ABOUT THIS EXERCISE: Please reproduce, exactly and in full, the lines running from the one that contains "TIFFANY & Co." to the end of the entries.

INFORMATION GIVEN:
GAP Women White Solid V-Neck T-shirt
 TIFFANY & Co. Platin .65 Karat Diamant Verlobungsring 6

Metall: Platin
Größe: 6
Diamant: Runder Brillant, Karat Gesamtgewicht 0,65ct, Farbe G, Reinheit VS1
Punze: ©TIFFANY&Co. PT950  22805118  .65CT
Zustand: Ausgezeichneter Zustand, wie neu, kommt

ANSWER TO THIS TASK:
 TIFFANY & Co. Platin .65 Karat Diamant Verlobungsring 6

Metall: Platin
Größe: 6
Diamant: Runder Brillant, Karat Gesamtgewicht 0,65ct, Farbe G, Reinheit VS1
Punze: ©TIFFANY&Co. PT950  22805118  .65CT
Zustand: Ausgezeichneter Zustand, wie neu, kommt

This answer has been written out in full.